Figure 4: After RLMT, traits like grouping ideas, integrating constraints, and weighing trade-offs increased; reliance on checklists decreased.
Post-RLMT, the model:
- Groups ideas into themes.
- Integrates constraints into plans.
- Weighs perspectives.
- Iteratively refines plans.
Figure 5: In zero-training, thought and response lengths increased steadily over RLMT training—indicating deeper reasoning.
Conclusion and Implications
The LANGUAGE MODELS THAT THINK, CHAT BETTER paper makes a strong case for merging RLVR’s explicit reasoning with RLHF’s flexible supervision. Key takeaways:
- Thinking Helps Everywhere: Chain-of-thought isn’t just for math—it improves open-ended dialogue and writing.

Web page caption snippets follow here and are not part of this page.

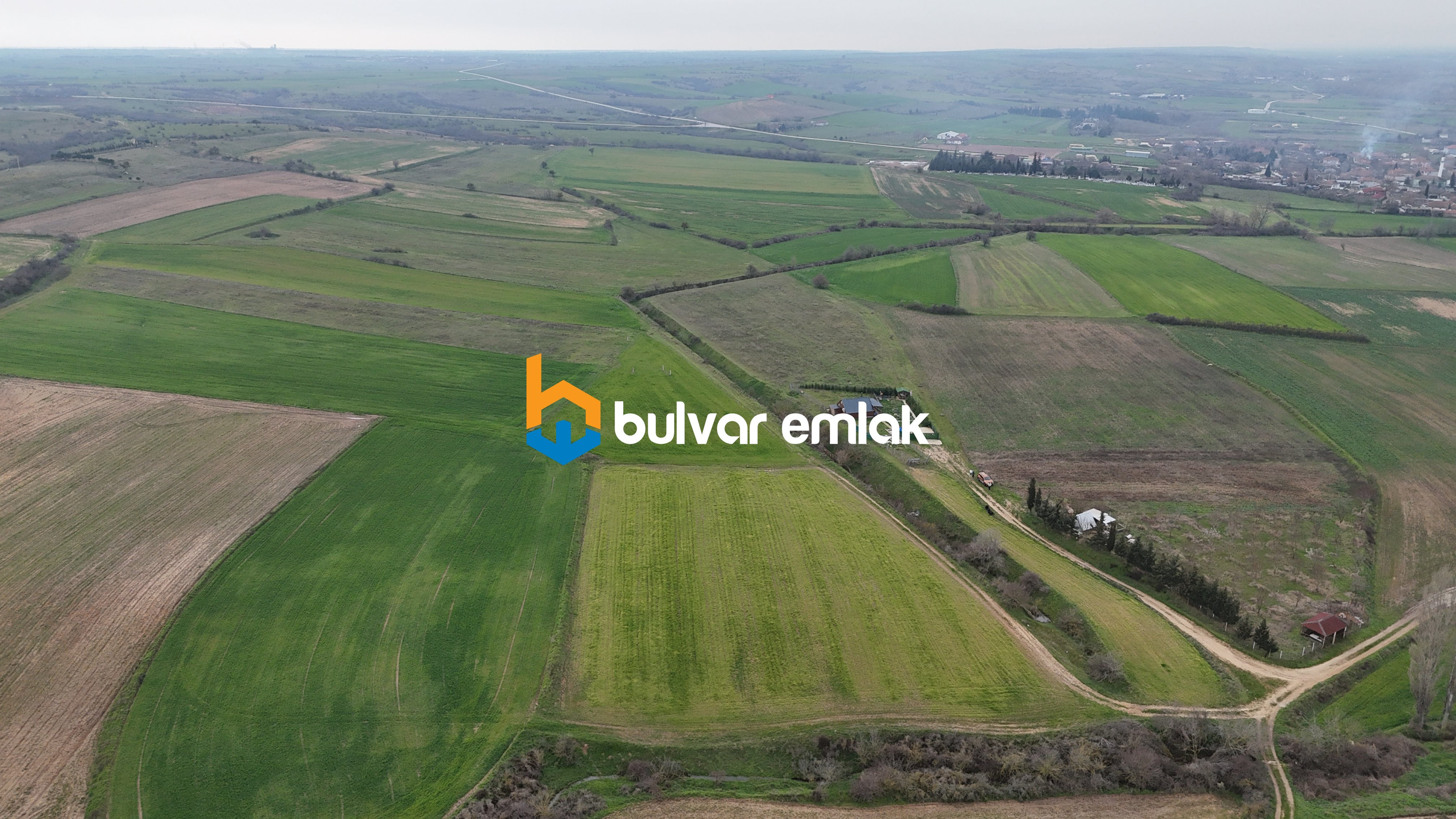 KIRKLARELİ MERKEZ DEĞİRMENCİK KÖYÜ – SATILIK TARLA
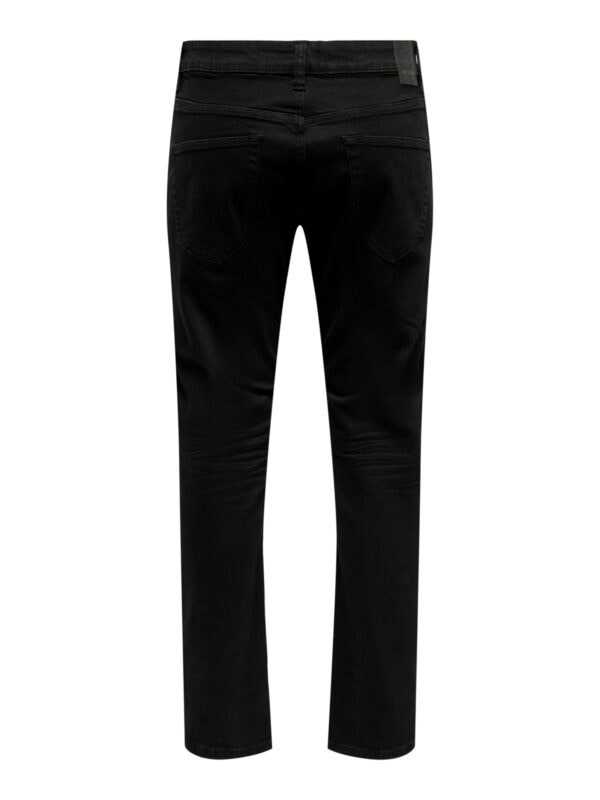 Only & Sons Onsweft Reg Black 2956 Jeans Noos Black Denim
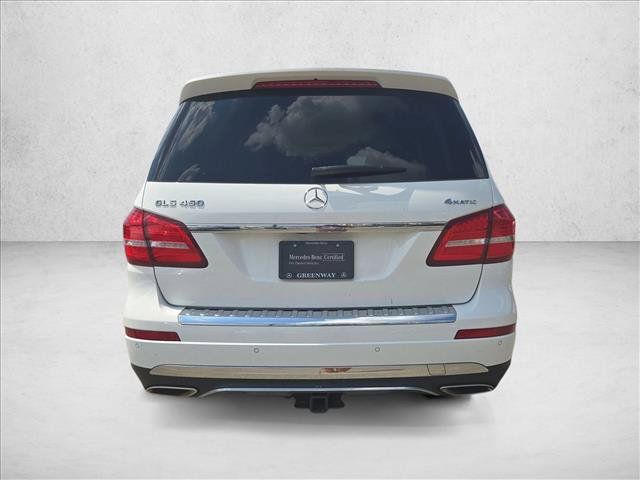 Used 2017 Mercedes-Benz GLS 450 4MATIC image 6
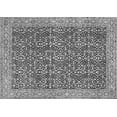 thumbnail image 1 of Ahgly Company Indoor Rectangle Oriental Gray Traditional Area Rugs, 8' x 10', 1 of 4
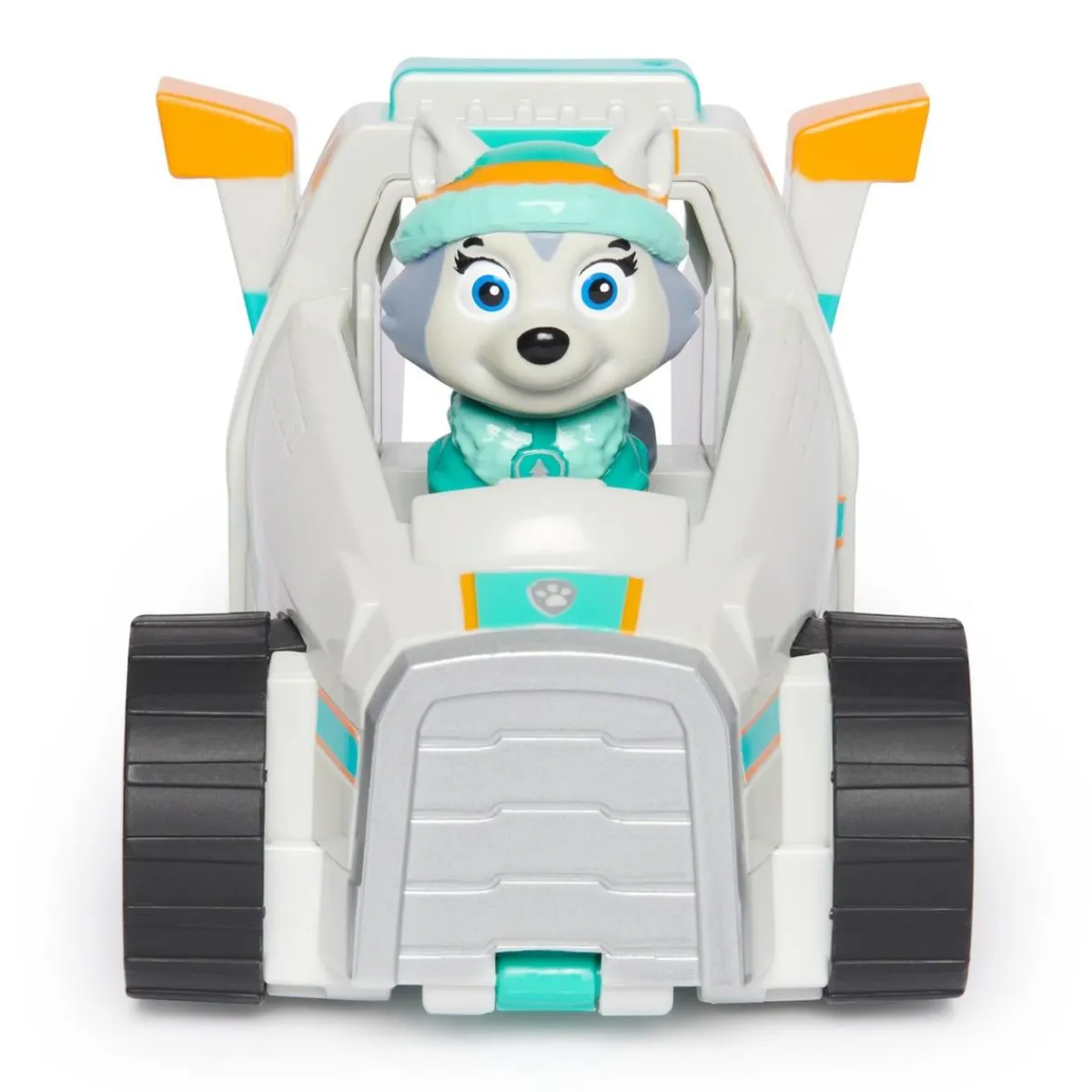Discount Patrulla Canina - Vehículo de juguete con figura Everest Coleccionables Y Mini Mundos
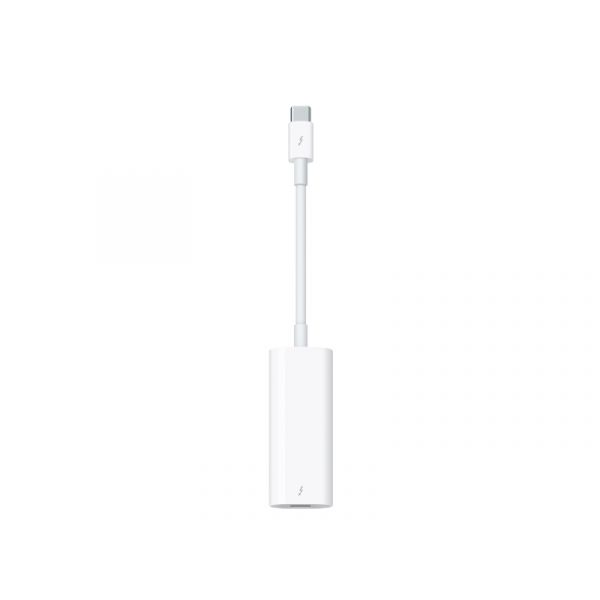 Apple Thunderbolt 3 (USB-C) to Thunderbolt 2 Adapter (MYH93ZM/A)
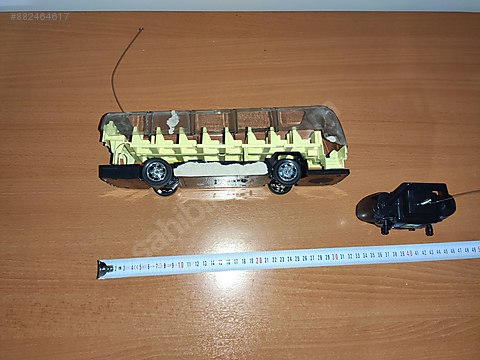 Uzaktan Kumandali Otobus Oyuncak Sahibinden Comda 882464617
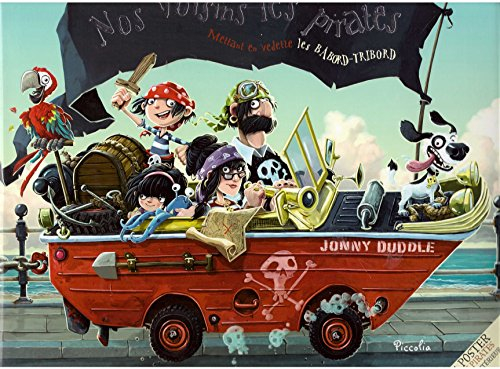 Nos voisins les pirates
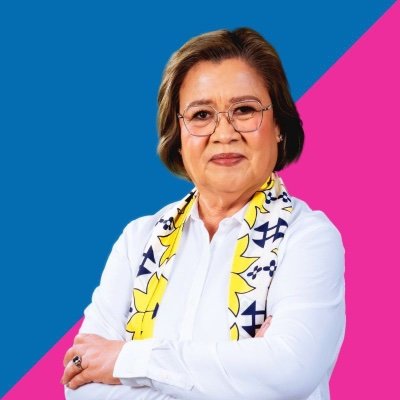 Leila de Lima Profile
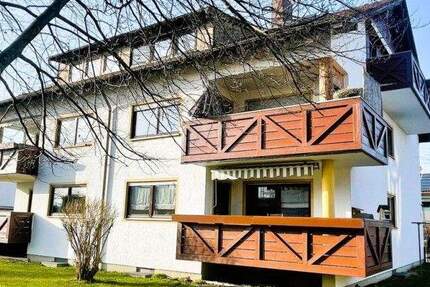 Wohnung Buchloe - 3 Zimmer, 85 m&sup2;, 298.000&euro; | Angebot:25660666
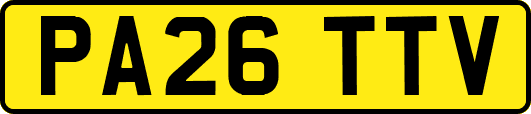 PA26TTV
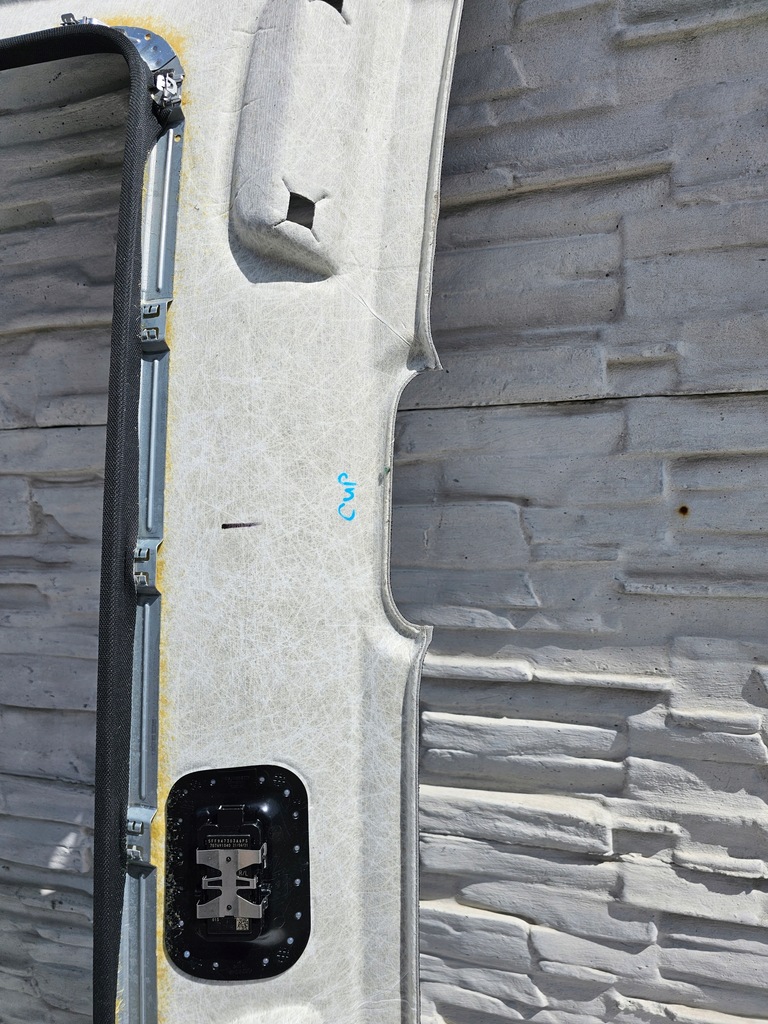 фото №6, Cupra formentor потолок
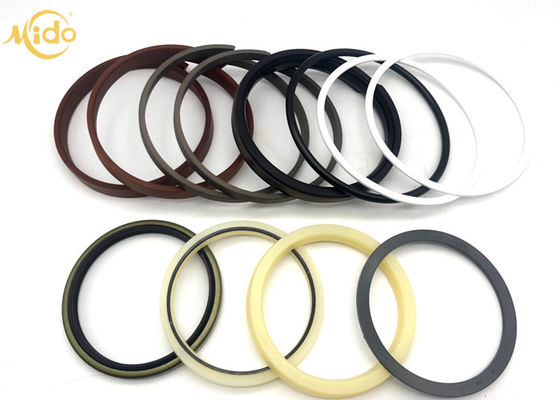 ชุดซีลกระบอกไฮดรอลิก PTFE NBR 320 ประสิทธิภาพการซีลสูง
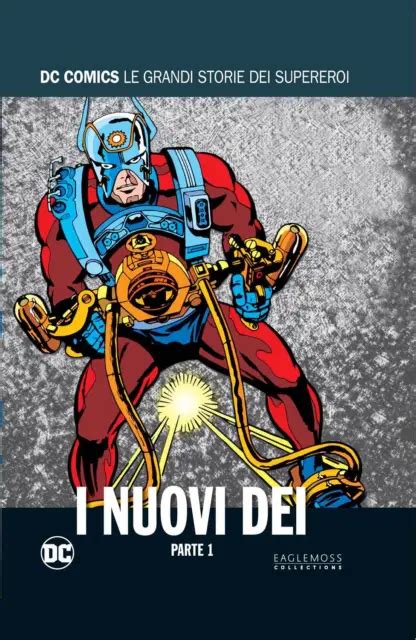 1995737 3310399 Libri Dc Comics Le Grandi Storie Dei Supereroi 77 I
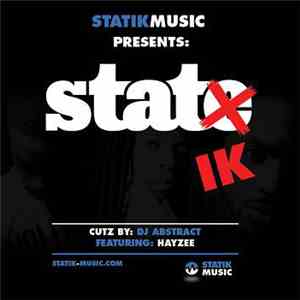 Statik Music - State-ik Beat Tape mp3 album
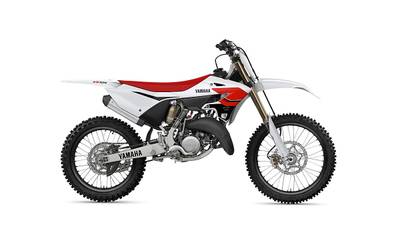 Yamaha YZ 125LC 70th Anniversary Edition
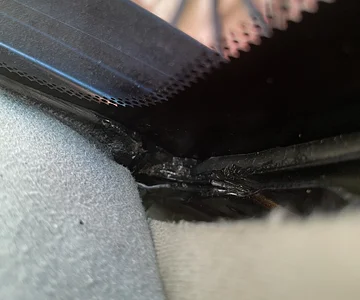 Windshield leak | IH8MUD.com Forum | Toyota, Lexus & Off-Road Community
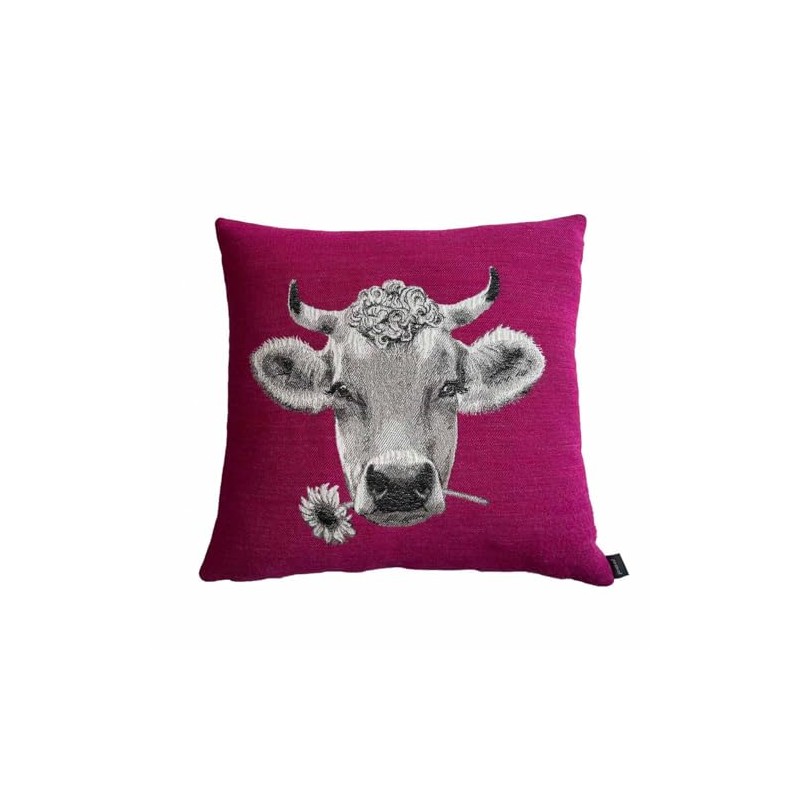 PAD MOO Pink, 45 x 45 cm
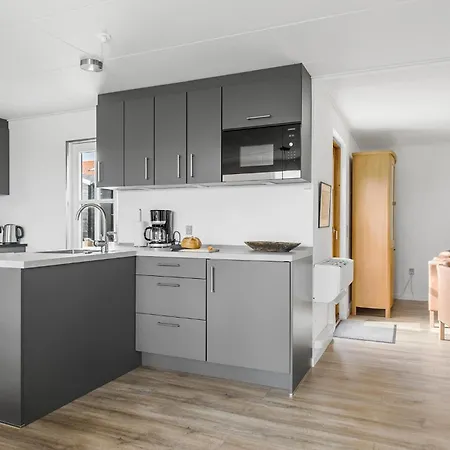 بيت للعطل Lovely In With Kitchen *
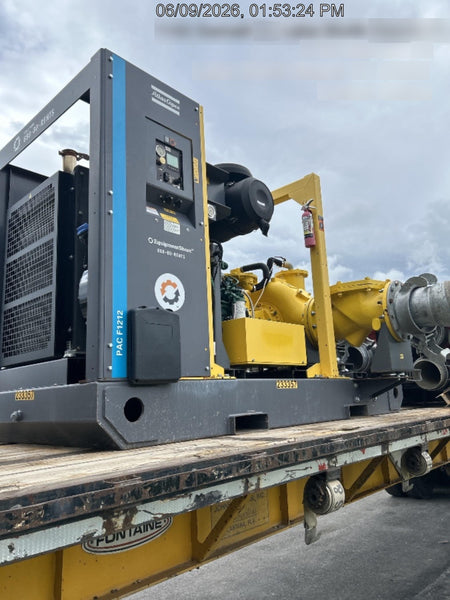 2022 ATLAS COPCO PAC F1212 VD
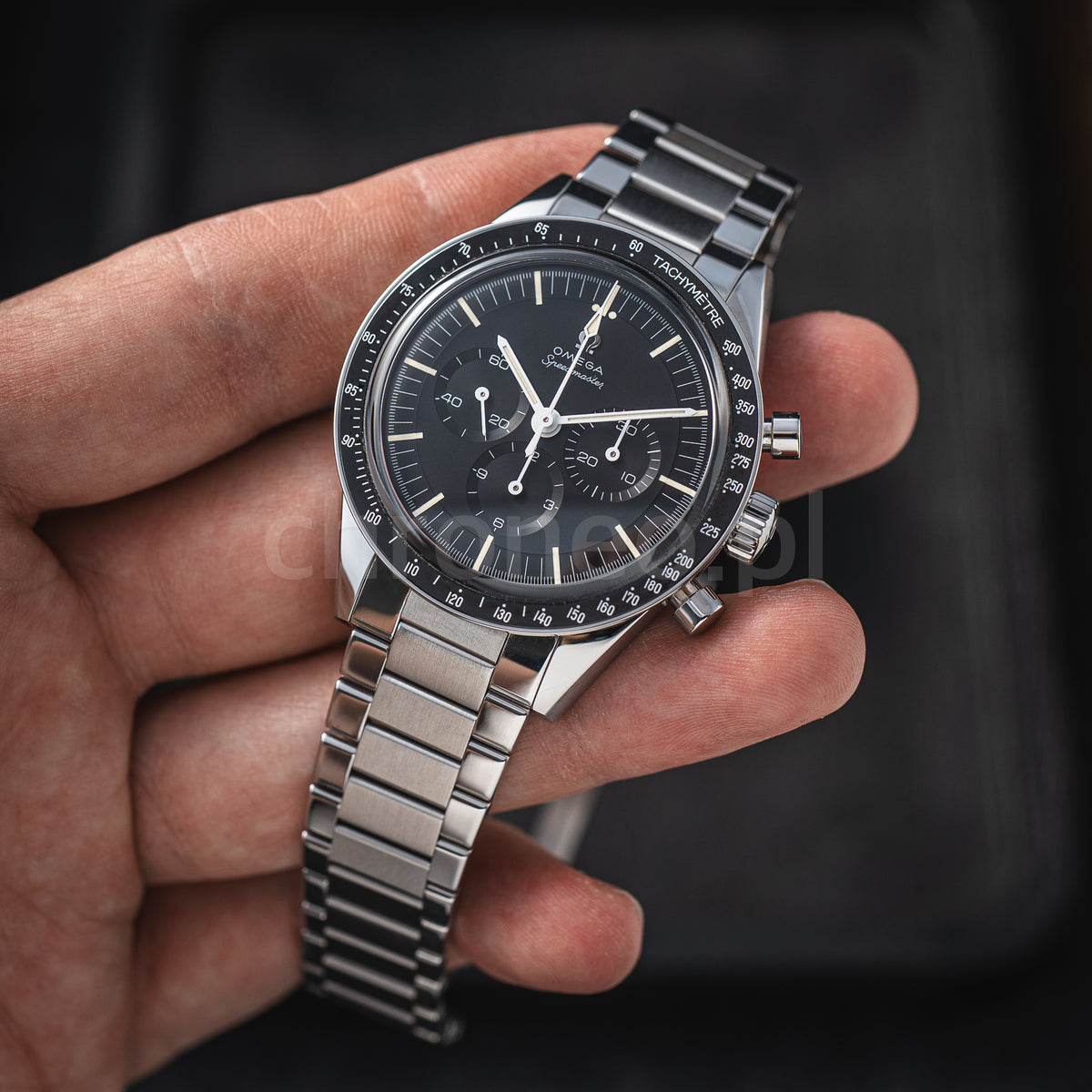 Omega Speedmaster Professional Moonwatch "Ed White" 311.30.40.30.01.001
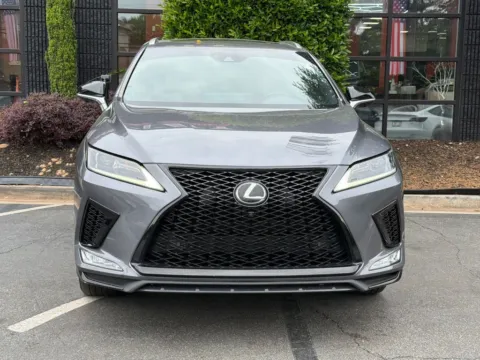 Another view of 2022 Lexus RX 350 F Sport Handling for sale in Sandy Springs, GA at Gravity Autos Sandy Springs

- Small Models Can Be Mighty: An 8B model with the right recipe can challenge or beat models an order of magnitude larger.
- Simpler Training Pipelines: Zero-training RLMT can yield competitive models without extensive SFT and multi-stage post-training.
By teaching models how to think, not just what to say, RLMT points toward a new generation of LLMs—more capable, deliberate, and structured in their reasoning. Future work could refine thought formats and reward models to evaluate reasoning quality directly. In the meantime, RLMT demonstrates that even modest models can achieve heavyweight performance when they’re trained to think before they speak.